Rather than teaching women to "lean in" and work 10 hour days like many career-oriented men, we should be teaching both sexes to "lean out" and spend more time with their family. I would argue that women had a better work-life balance than men, until recently. At least during the pandemic, many have learned that they don't have to commute long miles just to sit in a chair. That's already good for the environment and gains people a few hours every day.
Just curious: Has a government project involving throwing trillions of dollars at something ever worked out as intended? It’s a serious question, I’m trying to think of a time it’s easier worked and I can’t.
FYI: for people who don't know what's really going on.
The homes in the US are prescribing unnecessary medication for 3 reasons:
1) To bill for the medication and dose administration.
2) To bill for the skilled nursing staff.
3) To make the resients more docile, reducing caretaking costs.
These perverse economic incentives greatly impact the residents' health.

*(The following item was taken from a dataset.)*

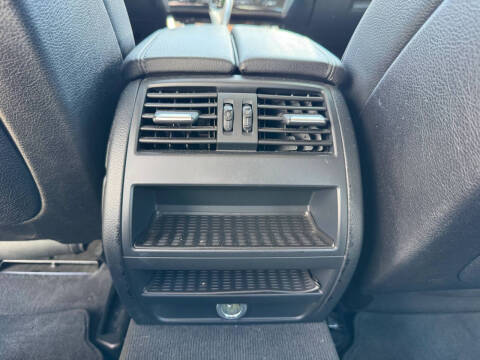 2012 BMW 5 Series 528i
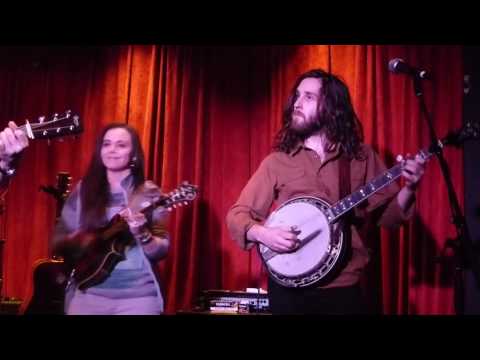 Billy Strings w Sierra Hull "Won't Be Satisfied That Way" 12-21-2016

It's important, especially in the US, for all patients to have an advocate (asking questions and helping to make good decisions) mediating between the patient and provider. Ideally that's a family member.
Besides over-medication risks, there are also lawyers fleecing the elderly out of their assets. It's low-risk to the lawyers because elderly patients die, and what's the family going to do - sue a lawyer?
Source: San Jose Mercury News has had several articles on this over the years.
Nursing homes are part of the medical system, but they tend to be pretty disjoint in terms of the medical professionals who work at them. They're also regulated differently.
Evidence of a particular kind of medical malpractice in the nursing industry isn't positive or negative evidence of any malpractice (much less fraud) anywhere else.
I've never made a phony diagnosis or incorrectly prescribed anti-psychotics in my life or made any medical errors of any kind so clearly I'm perfect. You should trust me when I say that you should get vaccinated.
Sudden infant death syndrome (SIDS), hides high rates of women killing their infant babies. Apparently society is not ready to admit that women are capable of doing this. So this is just a convenient disease to hide it under.
Watched a documentary on this many years back on CBC.